We call on central government, Gisborne District Council, Trust Tairāwhiti, and research funders to support Tairāwhiti in leading bold, place-based innovation – combining mātauranga Māori, science, and technology to build a thriving future for our people and our whenua.

  • To fund large-scale landscape regeneration rooted in indigenous knowledge – including locally-led catchment scale pilots.
  • To support long-term, precision monitoring of our freshwater, coastal, and regenerating ecosystems and to ensure the data is transparent, accessible, and valuable for local decision-making.
  • To back research that reflects the specific realities
    and opportunities of Tairāwhiti, not just generalised national frameworks.
  • To evolve a decarbonised, nature-enhancing economy grounded in the potential of the indigenous bioeconomy, sustainable enterprise, and ecosystem services.
  • To support the development of local talent and workforce pathways, connecting rangatahi and workers to meaningful, nature-positive careers.
  • To invest in new tools and technologies that reduce emissions, enhance efficiency, and enable land-use decisions that are smarter, fairer, and future-proof.
  • To demonstrate that wise investment in land-use transformation today will deliver long-term benefits – locally, regionally, and nationally.

He Wero 

| The Challenge

We now lay this challenge before you – to hold, to honour, and to act upon.
 
To those we have called upon, Gisborne District Council, central government, Te Whatu Ora, Trust Tairāwhiti, Te Puni Kōkiri, the Tairāwhiti TAG, land-based industries, research funders, and all those with the power to shape land use in our region, this is your challenge. 

This is not a report to be shelved. It is a voice from a community of people who live with the impacts of land-use decisions and who hold a vision for a better future.

We ask you to respond with urgency, transparency, and courage.

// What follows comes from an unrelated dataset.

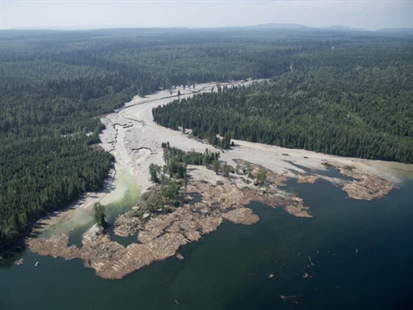 B.C. government orders mine to plug further release from tailings pond | iNFOnews.ca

WHAT WE ARE ASKING OF YOU NOW:
  • Publicly respond to these CALLS TO ACTION within 60 days of receiving them.
  • Provide a statement of intent to acknowledge, engage with, and act on the CALLS TO ACTION.
  • Commit to ongoing dialogue with the Tairāwhiti community – including participatory opportunities for hapū, rangatahi, and local groups.
  • Set out clear next steps outlining how your role or agency will support the transformation this assembly is calling for.

This is your moment to lead, not in isolation, but in partnership with the citizens of Tairāwhiti.
The time to walk forward together is now.